GIVEN INFORMATION below:
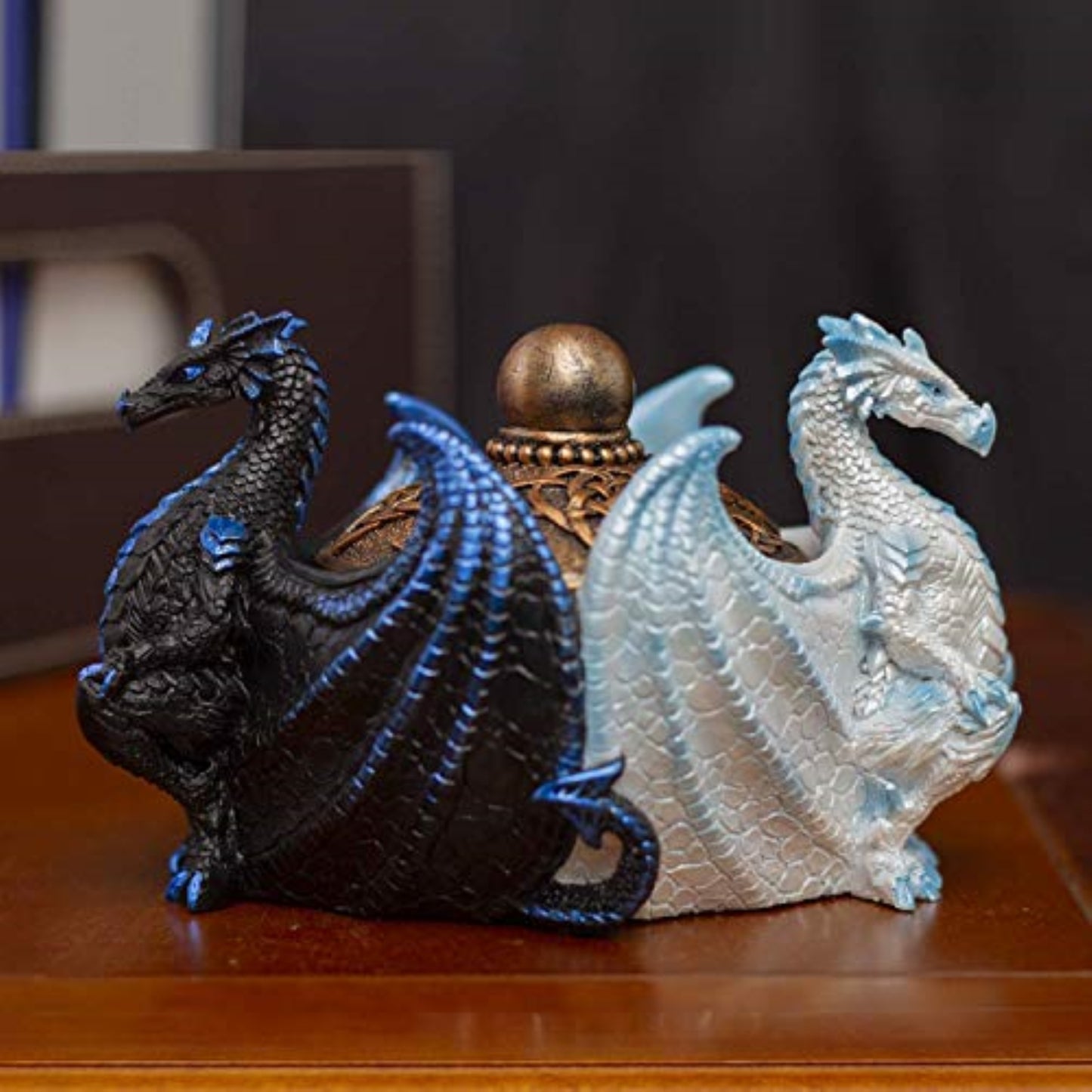 Night And Day Contrasting Dual Dragons Decorative Trinket Jewelry Keepsake Box 5.9 inch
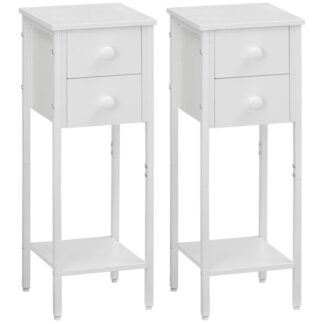 Набір столу для ліжка 2, вузький стіл для ліжка, Білий бічний стіл з 2 ящики, невеликий стіл для ліжка з металевою рамою, відкрита полиця, Тонка тумбочка для невеликих просторів, білий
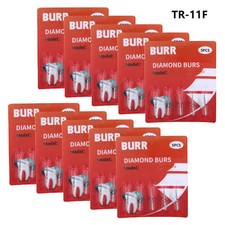 10 packs Frese dentista diamantate FG 1.6MM per manipolo ad alta velocità TR-11F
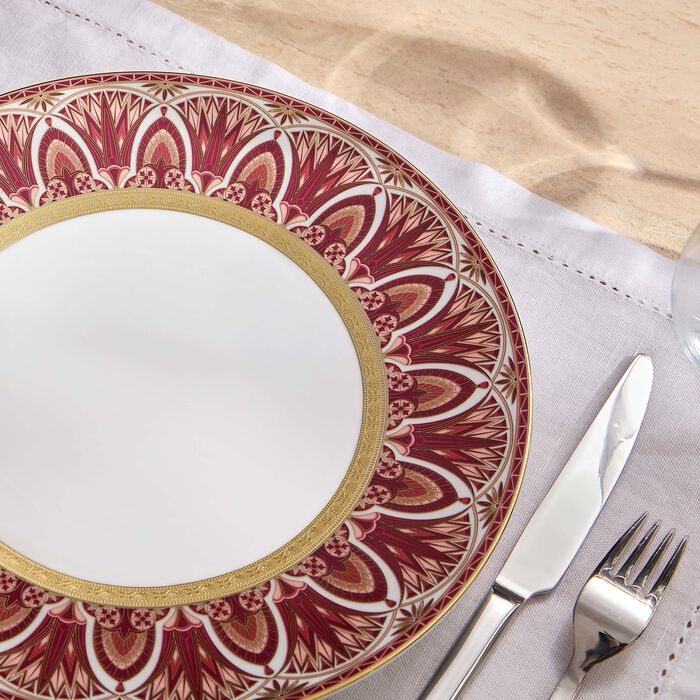 Reves Du Nil Pourpre Plaid Dinner Plate Red 27cm haviland reves du nil pourpre plaid dinner plate red 27cm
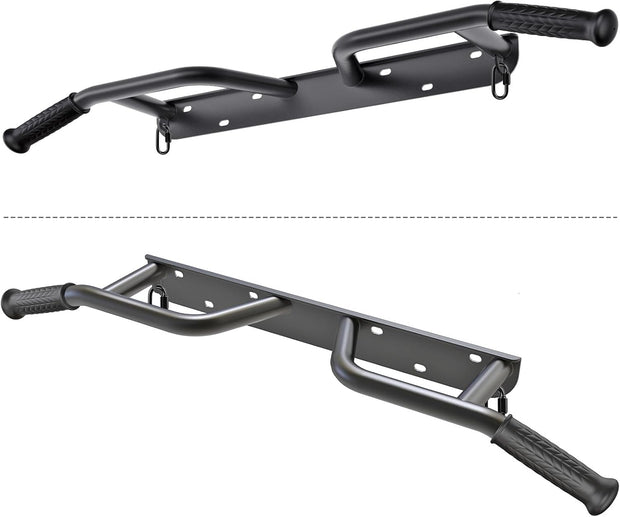 SELEWARE Heavy Duty Wall Mounted Doorway Pull Up Bar Fully Welded Multifunctional Chin Up Bar with Resistance Band Hooks & Ball Finger Training, 500LB Capacity Support Beam or Joist Mount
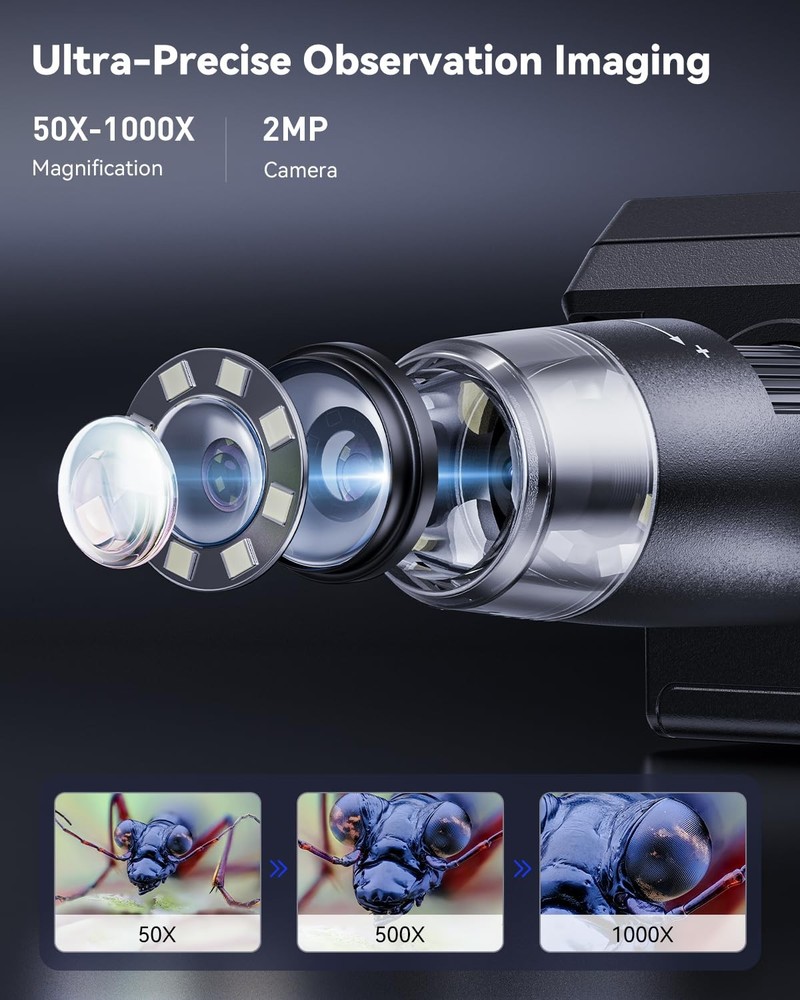 AOPICK Digital Microscope, Coin Microscope with Light 4.3 Inch, Black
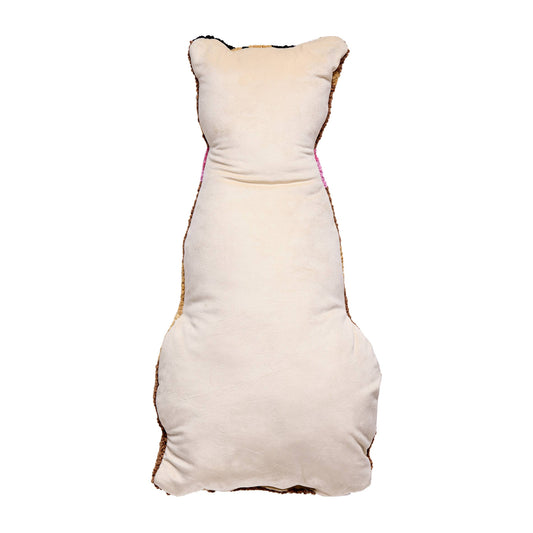 Shaped Leopard Hook Pillow back showing cream linen and pink trim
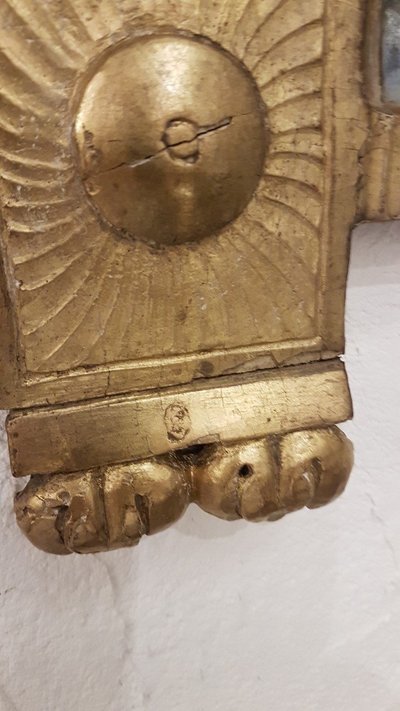 Gilded wood mirror with glazing beads - 18th century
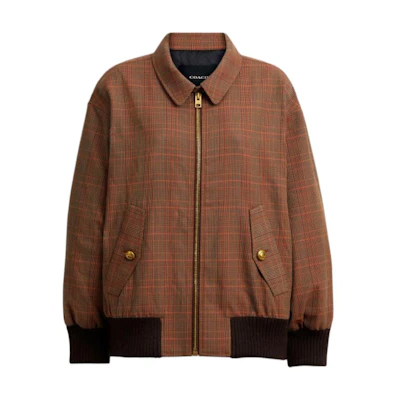 (Women) COACH FW25 Plaid Print Zip-Up Long Sleeve Jacket CCB43-YIV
End of GIVEN INFORMATION.
> _TASK DIRECTIONS_:
Reproduce all of the entries word for word, skipping any pictures they hold.

> _ANSWER FOR THE TASK_:
 Night And Day Contrasting Dual Dragons Decorative Trinket Jewelry Keepsake Box 5.9 inch
 Набір столу для ліжка 2, вузький стіл для ліжка, Білий бічний стіл з 2 ящики, невеликий стіл для ліжка з металевою рамою, відкрита полиця, Тонка тумбочка для невеликих просторів, білий
 10 packs Frese dentista diamantate FG 1.6MM per manipolo ad alta velocità TR-11F
 Reves Du Nil Pourpre Plaid Dinner Plate Red 27cm haviland reves du nil pourpre plaid dinner plate red 27cm
 SELEWARE Heavy Duty Wall Mounted Doorway Pull Up Bar Fully Welded Multifunctional Chin Up Bar with Resistance Band Hooks & Ball Finger Training, 500LB Capacity Support Beam or Joist Mount
 AOPICK Digital Microscope, Coin Microscope with Light 4.3 Inch, Black
 Shaped Leopard Hook Pillow back showing cream linen and pink trim
 Gilded wood mirror with glazing beads - 18th century
 (Women) COACH FW25 Plaid Print Zip-Up Long Sleeve Jacket CCB43-YIV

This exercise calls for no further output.